Today United Lincolnshire Hospitals NHS Trust has announced that due to a severe shortage of doctors Lincolnshire A&Es, we are looking at reducing the opening hours of our emergency departments.
There is a national shortage of appropriately trained doctors to work in A&Es and along with other trusts in the east midlands ULHT is seriously affected by this. We don’t have enough doctors to fill shifts in three departments 24 hours a day, seven days a week.
ULHT emergency departments normally work based on having 15 consultants and 28 registrar or middle grade doctors. At present, we are now down to 14 consultants, of whom 10 are locums, and just 12 middle grades. This means we have only 43% of the middle grades we need. We have reached a crisis point and we may put patients at risk if we don’t act.
We are now in a situation where we are unable to recruit locums, so our consultant doctors have filled the gaps by doing extra shifts. Our staff are under enormous pressure and the situation is now unsustainable.

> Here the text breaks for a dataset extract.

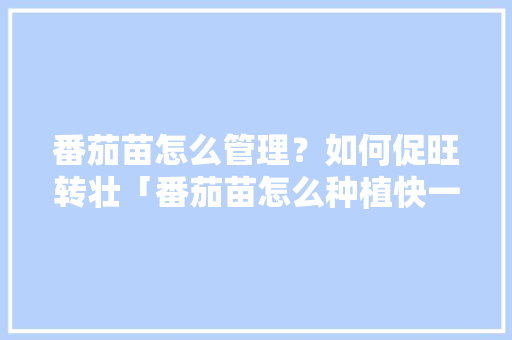 番茄苗怎么管理？如何促旺转壮「番茄苗怎么种植快一点」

Our A&E staff are concerned that if we don’t act, patients could be put at risk if we continue as we are. To ensure that we run safe services, we have looked at a number of options. These include reducing the opening hours of our A&Es. We have ruled out reducing the opening hours at Lincoln County Hospital and Pilgrim Hospital, Boston. This is because they both take patients more seriously ill patients and have a higher number of patients attending A&E and being admitted than Grantham and District Hospital does. Our safest option for the people of Lincolnshire is to look at reducing the opening hours at Grantham A&E.

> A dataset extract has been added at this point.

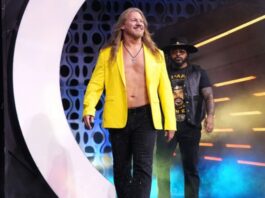 Chris Jericho in AEW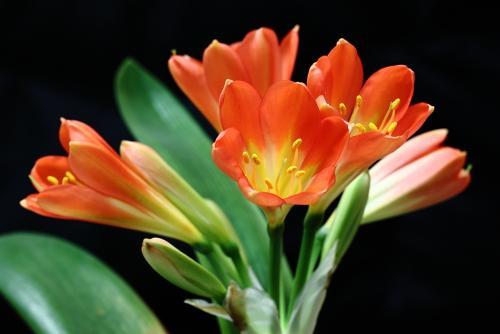 君子兰盆栽多久浇水最好,花卉君子兰浇水方法图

Dr Suneil Kapadia, medical director at ULHT, said: “We haven’t made a final decision yet, and we hope to avoid this, but the reality is we will need to temporarily reduce the opening hours of A&E at Grantham.
“The quality and safety of patient care is the Trust’s number one priority and we haven’t rested on our laurels. We have tried to recruit in the UK and internationally, and we have offered premium rates to attract agency doctors whilst investing £4 million in urgent care services. Despite this, we have reached crisis point.”
We are working with other A&E providers, East Midlands Ambulance Service and the CCGs to find a solution to this crisis to avoid changing A&E services.
Allan Kitt, Chief Officer, south West Lincolnshire CCG said: “Any temporary emergency closure is very concerning, whilst we are disappointed that we may be forced to take this action, we do believe that closing A&E at Grantham overnight is the best way to ensure that services for our patients remain as safe as possible.
“We will be working closely with ULHT, local GPs and our community services to develop a range of services to ensure that those people who have less serious illnesses but might currently use A&E can get a service locally during the temporary closure. We will be sharing these plans with the public in the next week.”
To help our hospitals, we would always urge everyone to think twice before they go to A&E – if it’s not serious or life threatening you shouldn’t be there. Many illnesses can be better treated by visiting your local pharmacy, calling 111, visiting your local GP, GP out of hours services, or attending a walk in centre or a minor injuries unit. If you are concerned and need medical advice please contact NHS 111.
For further information contact: The communications team on 01522 573986.
Notes to editors
United Lincolnshire Hospitals Trust runs three A&Es in Lincolnshire based at Lincoln County Hospital, Pilgrim Hospital, Boston, and at Grantham and District Hospital.
A&E departments are staffed by consultants, registrars, or middle grades, doctors in training, nurse practitioners and nurses.
Middle grades are experienced A&E doctors that can work unsupervised for many clinical conditions.